The Taste of Potatoes
By Sobia Ali
I should have known it that first afternoon. That is if I had not been so obsessed with books then. It should not have altered much though. Except that afterwards I should not have felt so queer inside. But it was the peak of my addiction to books. I was young and impressionable, and it was too unfortunate I found the sack of books left in the attic by my late grandfather.

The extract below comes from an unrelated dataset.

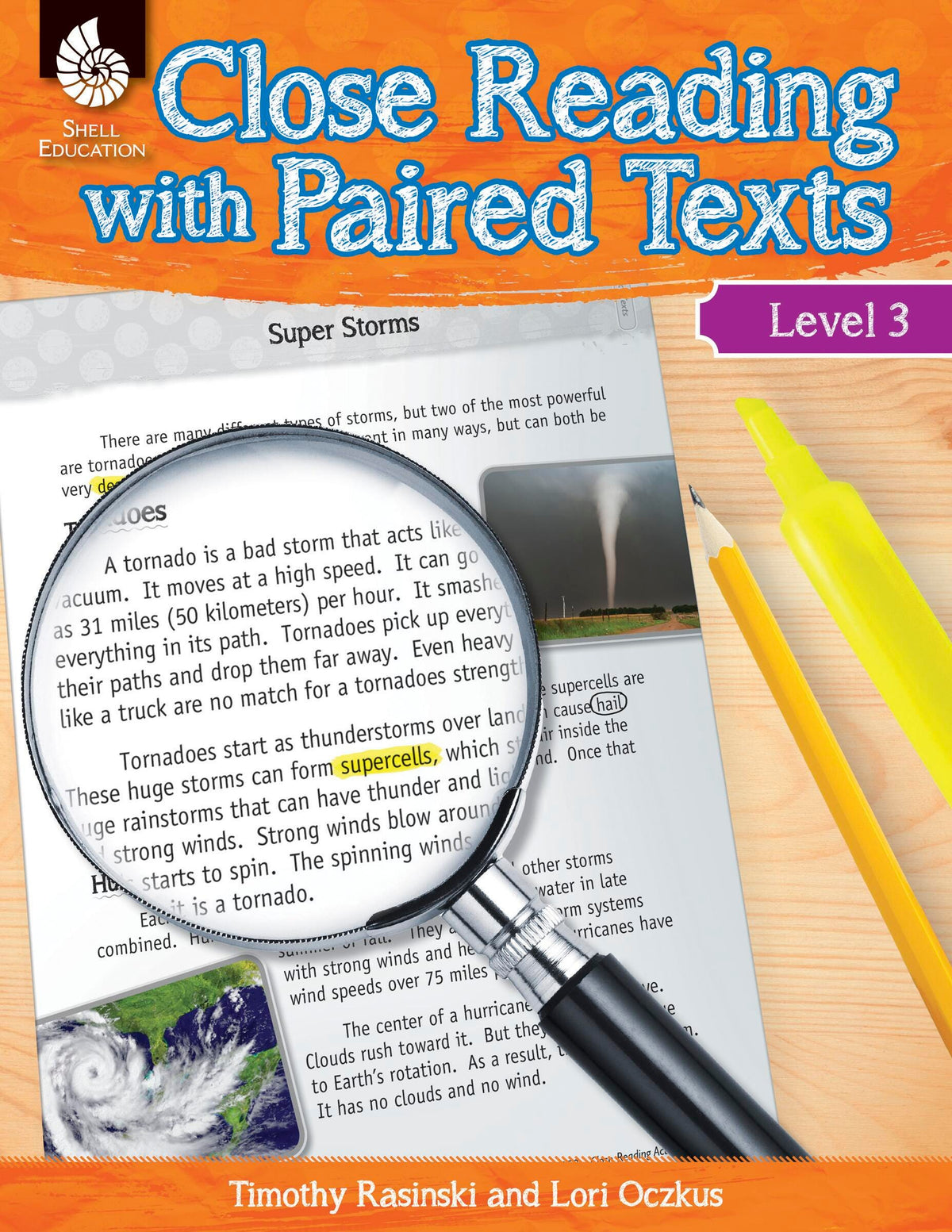 WORKBOOK CLOSE READING WITH PAIRED TEXTS THIRD GRADE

I could not believe my luck. Books were as rare in that place as anything , and I would not take my nose out of them. Even for the whole new world, as my grandmother used to say. This craving for books was being noticed and commented upon all the time. Folks would come and say what a waste of time it really was. That it was dangerous for a tiny mind to sponge on such big volumes. That no good ever comes off of a mind absorbing so much that was foreign to its nature and experiences. That it was better to stay sane and ignorant than get nuts and knowledge. Typical stuff all. I could not have cared less.
Grandfather had passed away before I was two years old. I had heard about him from my sisters. He had been an Imam and used to lead people to prayers in mosques. He knew a little Arabic and a lot of Urdu, both languages alien in our region. It was really uncanny the way he had managed to learn two exotic languages living in that backward, rough place. Being a well known Imam he was much respected for his erudition by the illiterate peasants. He had to go out to different places as he stayed nowhere for more than six months, and his travelling around would put him in the way of many bookshelves in mosques, maqtabs, bookshops and people’s homes. He would carry a cloth-bag with him , and my sisters told me many amusing anecdotes about how every time he returned it was filled with stolen books. It seems he was an impulsive book-thief and anywhere he saw books , he just had to whip them into his jhola. He had collected them in the sack I had chanced upon.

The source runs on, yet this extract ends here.